Just a couple of years ago, in Allen v. Milligan, the Court upheld Section 2 and allowed a new majority-Black district in Alabama to be drawn. But in Wednesday’s oral arguments, Justice Brett Kavanaugh, who was the key swing vote in that case, repeatedly alluded to a “time limit” for the race-conscious provisions of Section 2. This is analogous to an argument that chipped away at Section 5 of the Voting Rights Act in Shelby County v. Holder, that you just can’t enforce discrimination on an open-ended basis. The idea that racism has an endpoint is fanciful, but the law at this point means what five justices on the Court say it means. If you can’t have a race-conscious remedy to anything, then you can’t really have civil rights laws.
The law at this point means what five justices on the Court say it means.
A ruling against Section 2 would directly target members of the Congressional Black and Congressional Hispanic Caucuses. If mapmakers don’t have to pay attention to race, they could take out two seats in Alabama, three in Florida, two in Georgia, two in Louisiana, one in Missouri, one in Mississippi, one in North Carolina, one in South Carolina, one in Tennessee, and up to five more in Texas. Up to 30 percent of the Congressional Black Caucus would be at risk, and 11 percent of the Congressional Hispanic Caucus.
Election law expert Rick Hasen responded to oral arguments by saying that Section 2 may not be struck down but just reinterpreted into oblivion. “The Supreme Court once again thwarts congressional intent and democratic processes,” Hasen wrote. “It will be an earthquake in the American political system, and I hope it leads to a new civil rights movement.”
In practical terms, whether this would matter for 2026 depends on when the Supreme Court issues the ruling. But the fact that they scheduled Callais so early in their term suggests that conservative justices understand the need for speed. The state legislatures brought into play are all in the south, and all are either fully in the hands of Republicans or with enough Republican control to get it done. (North Carolina has a Democratic governor, for example, but the governor is not involved in the redistricting process and cannot veto maps). The Republican legislators would be highly motivated to act quickly to get rid of Black and Hispanic members of Congress.
Conservative justices understand the need for speed.
For example, Louisiana backed out of changing Congressional lines in an upcoming special session because they didn’t think they’d get a ruling in time. But they are moving toward delaying their election schedule so they can strike immediately once a ruling comes down.
Whether states speed up for 2026 or play it out in future years, ending Section 2 restrictions on redistricting would cement Republican control of the House in ways that would be difficult to surmount.

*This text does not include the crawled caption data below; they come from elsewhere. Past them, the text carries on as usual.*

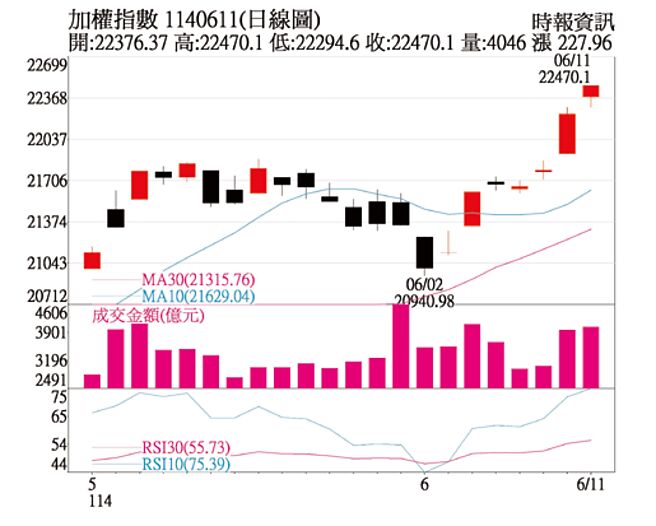 加权指数 1140611(日线图)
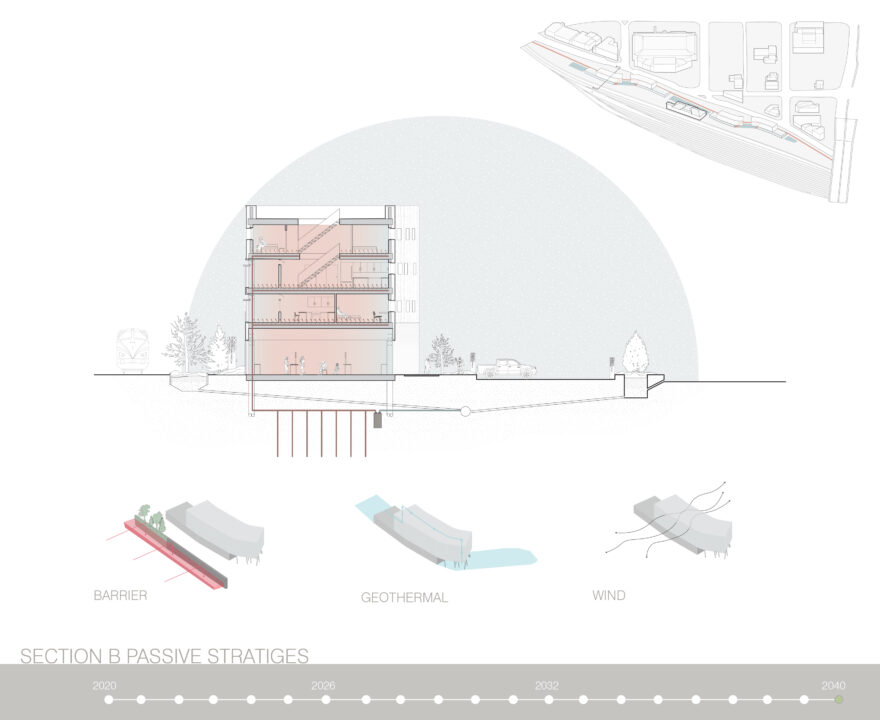 Poster with a section and passive design diagrams of student designed buildings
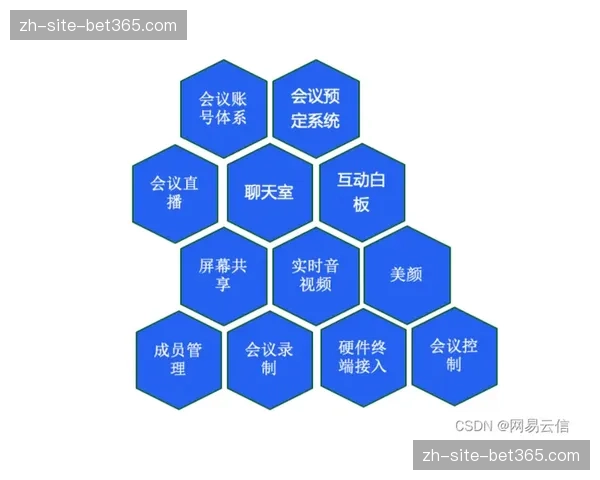 跨平台账户体系打通 赛事生态内用户足迹实现归集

Democrats did not move to restrict gerrymandering in federal legislation when they had opportunities. The Supreme Court punted on directly involving itself in partisan gerrymandering, but now seems to have found a way to bestow a huge advantage on the South’s white Republicans—and thereby, on Republicans nationally. The Court’s machinations matter more than Trump’s machinations, and they could be devastatingly successful.